News | August 16, 2006

WLAN Vendors Off And Running In Midst Of IEEE 802.11n Standard Drama

Scottsdale, AZ -- Although the much-heralded IEEE 802.11n WLAN standard is probably a good year away from formal ratification, end products based on Draft 1.0 of the standard were released from a handful of vendors in 2Q06. Approximately 300 thousand total Draft n routers, clients and access points shipped out from home and SMB networking specialists Linksys, D-Link, Netgear, Buffalo and Belkin.

"Buyers of these Draft n products are early adopters willing to pay two to three times the price of standard 802.11g products," commented In-Stat Analyst Victoria Fodale. "In-Stat expects the transition to 802.11n will be bumpier than that from 802.11b to 802.11g; comparatively, during the first quarter that In-Stat started tracking shipments of 802.11g products, in 1Q03, shipments totaled 900 thousand 802.11g units.
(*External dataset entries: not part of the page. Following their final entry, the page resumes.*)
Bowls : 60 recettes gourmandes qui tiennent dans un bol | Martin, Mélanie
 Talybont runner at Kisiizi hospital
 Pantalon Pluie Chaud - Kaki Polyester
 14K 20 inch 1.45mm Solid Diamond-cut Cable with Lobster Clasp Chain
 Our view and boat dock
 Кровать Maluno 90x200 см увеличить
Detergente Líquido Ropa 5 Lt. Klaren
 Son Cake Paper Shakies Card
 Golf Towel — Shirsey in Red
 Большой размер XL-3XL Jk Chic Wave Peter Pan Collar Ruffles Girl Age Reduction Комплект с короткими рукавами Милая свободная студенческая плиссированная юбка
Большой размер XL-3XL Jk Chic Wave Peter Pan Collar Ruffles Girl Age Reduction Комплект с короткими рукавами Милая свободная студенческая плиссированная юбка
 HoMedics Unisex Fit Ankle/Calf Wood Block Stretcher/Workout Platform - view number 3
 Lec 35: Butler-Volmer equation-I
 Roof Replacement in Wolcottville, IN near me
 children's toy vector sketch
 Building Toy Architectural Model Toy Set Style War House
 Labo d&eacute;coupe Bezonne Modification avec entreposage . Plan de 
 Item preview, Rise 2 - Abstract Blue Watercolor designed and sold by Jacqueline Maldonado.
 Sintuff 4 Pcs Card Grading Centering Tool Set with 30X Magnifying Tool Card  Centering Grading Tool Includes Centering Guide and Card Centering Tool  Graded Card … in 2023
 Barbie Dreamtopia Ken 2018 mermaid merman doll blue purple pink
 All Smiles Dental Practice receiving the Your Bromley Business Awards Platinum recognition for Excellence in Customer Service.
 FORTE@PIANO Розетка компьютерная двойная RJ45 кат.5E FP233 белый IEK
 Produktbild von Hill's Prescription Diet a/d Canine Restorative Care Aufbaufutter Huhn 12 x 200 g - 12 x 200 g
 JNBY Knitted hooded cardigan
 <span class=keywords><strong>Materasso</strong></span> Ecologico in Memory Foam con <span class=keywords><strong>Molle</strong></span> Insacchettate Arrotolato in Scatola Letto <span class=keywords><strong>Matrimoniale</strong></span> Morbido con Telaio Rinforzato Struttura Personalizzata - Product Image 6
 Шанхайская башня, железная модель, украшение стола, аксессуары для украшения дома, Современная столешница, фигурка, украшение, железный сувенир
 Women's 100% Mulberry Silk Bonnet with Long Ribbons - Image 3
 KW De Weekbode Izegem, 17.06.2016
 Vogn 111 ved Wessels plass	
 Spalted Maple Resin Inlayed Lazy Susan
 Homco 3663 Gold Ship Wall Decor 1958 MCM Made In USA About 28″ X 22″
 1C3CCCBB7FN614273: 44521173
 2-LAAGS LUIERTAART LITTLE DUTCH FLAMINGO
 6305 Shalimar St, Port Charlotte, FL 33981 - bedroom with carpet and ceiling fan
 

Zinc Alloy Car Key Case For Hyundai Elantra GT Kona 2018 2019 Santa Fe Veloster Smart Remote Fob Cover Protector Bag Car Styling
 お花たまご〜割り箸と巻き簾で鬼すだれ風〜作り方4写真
Additionally, 2Q is typically a slow quarter, and it will be interesting to see how vendors position Draft n products within their traditional 3Q back-to-school and holiday promotions."

On the 802.11n chipset side, Draft n chipsets from Atheros, Broadcom and Marvell are powering Draft n end products. Additionally, Intel is set to release its Kedron 802.11n wireless module within its Santa Rosa mobile platform in early 2007, even though the standard will not be ratified by then. Consequently, there is much pressure on Task Group N within the IEEE 802.11 Working Group to come up with a more solid standard to put PC OEMs more at ease with the thought of embedding Draft n solutions into mobile PCs.

"Although we expect Draft n/802.11n chipsets to be only 3.6 percent of total WLAN chipset shipments for 2006, In-Stat expects this percentage to grow to almost 20 percent in 2007," said In-Stat Senior Analyst Gemma Tedesco. "Although 802.11g will remain strong in some segments, such as in Portable Consumer Electronics devices, over the next three to four years, 802.11n is the future and eventually all product segments will shift to this standard."

Recent research by In-Stat found the following:

-- The ratio of Draft n wireless routers to clients is practically one to one, as users realize they must purchase both products to capitalize on the full coverage and throughput potential.

-- Pre-n products such as Netgear's MIMO G products experienced healthy growth over the quarter; these products have benefited from the positive press they have received around performance, and typically have ASPs that are 30-40% lower than those of Draft n products.

-- On the IC side, Taiwanese WLAN IC provider Airoha announced Draft n RF transceiver solutions in July. WLAN MIMO pioneer Airgo is expected to release a Draft n chipset once the standard is more solid, along with Israel-based Metalink. Taiwanese WLAN chipset vendor Ralink is expected to release a Draft n chipset by the end of 2006.

The recent In-Stat research, "802.11n: Great Wireless LAN Expectations" (#IN0602859WS), covers the market for Draft n/802.11n chipsets. It offers detailed forecasts of WLAN chipsets by technology standard, with a focus on Draft n/802.11n uptake. It also provides vendor and product matrices and information on end products and chipsets.